Understanding Asset Fungibility: Basic Concepts
Before delving into NFTs and SFTs, we need to understand what fungibility and non-fungibility mean.
Fungible assets refer to assets that can be exchanged on a 1:1 basis. For example: having a 100 yuan banknote—whether it is brand new or wrinkled—its value remains the same and can be exchanged interchangeably with other 100 yuan banknotes. Fiat currencies and cryptocurrencies both belong to this category.
Non-fungible assets are different. Two seemingly similar assets may not be exchangeable at equal value due to differences in rarity, attributes, value, or popularity. For example, a Picasso painting and a student’s artwork are both art pieces, but obviously cannot be exchanged at equal value.
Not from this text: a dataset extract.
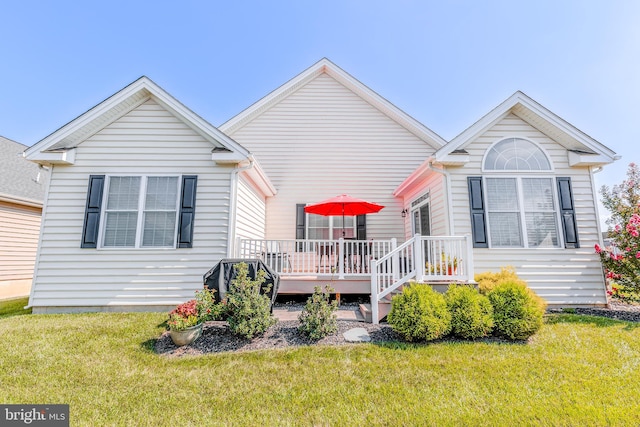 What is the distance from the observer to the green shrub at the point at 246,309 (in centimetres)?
454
In the blockchain world, this distinction is even more critical—it determines how tokens can be divided, traded, and transferred.
The Essence and Evolution of NFTs
Non-fungible tokens (NFTs) are essentially digital certificates that use unique cryptographic identifiers and metadata to ensure ownership authenticity and asset uniqueness. These tokens can represent various forms of assets such as digital art, music, videos, virtual real estate, and in-game items.
One important motivation for creating NFTs is to protect the rights of digital creators. In an era of rampant internet piracy, NFTs provide a clear, verifiable proof of ownership, allowing artists, musicians, and content creators to profit directly without worrying about illegal copying and dissemination.
Starting in 2020, the NFT market rapidly heated up, reaching transaction volumes of billions of dollars by 2021, sparking a market frenzy.
NFT Development Timeline
Although NFTs only truly entered the public eye in 2021, the concept was proposed much earlier.
2012: Cryptography expert Meni Rosenfeld first proposed the concept of “colored coins” in a paper, envisioning representing real assets on the Bitcoin blockchain. This idea paved the way for later NFTs, although it was not realized at the time due to Bitcoin’s design limitations.
2014: The first official NFT—“Quantum” (a color-changing octagonal pixel graphic)—was created on the Namecoin blockchain by Kevin McCoy.
2016: Internet memes began to be issued as NFTs.
2017-2020: Ethereum’s smart contract standards (ERC-721) gradually became the mainstream infrastructure for NFTs. Projects like Cryptopunks and CryptoKitties demonstrated market demand, with the latter even causing congestion on the Ethereum network due to its popularity.
2021: NFT artworks appeared at international auction houses, with works by Beeple and others setting record prices. As the market expanded, blockchains like Cardano, Solana, Tezos, and Flow also began supporting NFTs.
2021 and beyond: NFTs gained prominence in virtual real estate and metaverse applications. Facebook rebranded as Meta, explicitly focusing on the metaverse, further accelerating the maturity of this ecosystem.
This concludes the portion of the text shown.